E.O: Buradaki aşk hayatın tümü. Bütün varlıklar. Kendin ve kendin dışındaki tüm varlıklarla barışık ol diyor. Aşkı seversen yani bütün varlıkları seversen akıllanırsın, uyanırsın.

-Her şeyi sevmek mümkün mü?

E.O: Çabamız bu yönde. Kötüyü seversen kötü yok olur.

-Bazı sözlere itirazım var. “Eski Tüfek” parçası gibi... Yolda kalan da bir yürüyen de bir olur mu?

E.O: Olur. Çünkü kâinata baktığın zaman bizim esamimiz bile okunmaz. Toplu iğne kadar bile değiliz belki. Yok gibiyiz. Dünyalar senin olsa fark etmez. Biz bir bütünüz. Yolda kalan da olmalı yürüyen de, eşit değerdeyiz, sadece denge önemli.

'Müzik, ses ve sessizliktir’

-Ses...

E.O: Müzik aletleri müzikten muaftır.

-İnsanın nasıl bir tınısı, sesi var?

E.O: İnsanın kendisi müziktir. Hem enstrümandır hem de müziğin kendisidir. Biz konuşuyoruz ama enstrüman konuşamaz. Zaten müzik aletlerinin felsefi tarifi onun üzerindeki becerinin insanın konuşma düzeyine ulaşabilmesidir. Bu çaba egosantrik bir çabadır ama “adam aleti konuşturuyor” denir ya o yüzeysel bir tarif olsa da müzik aletlerinin hedefi insan sesine ulaşabilmektir. Bu mümkün değil ama çaba bu. Müziği üreten de, tasarlayan da, yok eden de insanın kendisi.

-İnsanın sesi enstrümanın sesinden daha mı kıymetli?

E.O: Evet. Çünkü müzik aletleri insanın sesine ulaşmaya çalışırlar. Ben müziğe çok değer veriyorum, o yüzden böyle konuşuyorum. Mükemmelliyetçi bir yaklaşım içindeyim. Bu halim beni her zaman rahatsız ediyor.

-Zorlu PSM’deki konserinizi izlediğimde seyirciye “çok sessizsiniz” dediniz. Bu seyircinin sessizliğine sitem miydi?

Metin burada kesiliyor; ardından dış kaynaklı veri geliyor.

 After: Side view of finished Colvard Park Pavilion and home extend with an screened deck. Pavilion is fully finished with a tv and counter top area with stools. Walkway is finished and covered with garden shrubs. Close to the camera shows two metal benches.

E.O: O sitem değildi. Destekleme açısından söyledim. Sessiz olmalarının farkına varıldığının teyidiydi. Genelde konserlerde seyirciyi yoklarım. Seyirciler de bize değer verdikleri için sessiz durduklarını ifade ederler. Hatta sessizlik bizim için ilaç. Sessizlik de müziğin bir tarifidir. Müzik, ses ve sessizliktir. Bir yarısı ses diğer yarısı sessizliktir müziğin. Bunun birleşimi müziği oluşturur. İnsanlar topluluk olarak sessiz olduğunda orada çok büyük bir enerji oluşur. Seyirci sessiz durarak müziğe katılmış oluyor. Hatta seyirci sessiz kalarak müzik yapmış oluyor. Sahnede ses çıkaranlar ile sessiz duran seyirci birlikte müzik yapmış oluyor.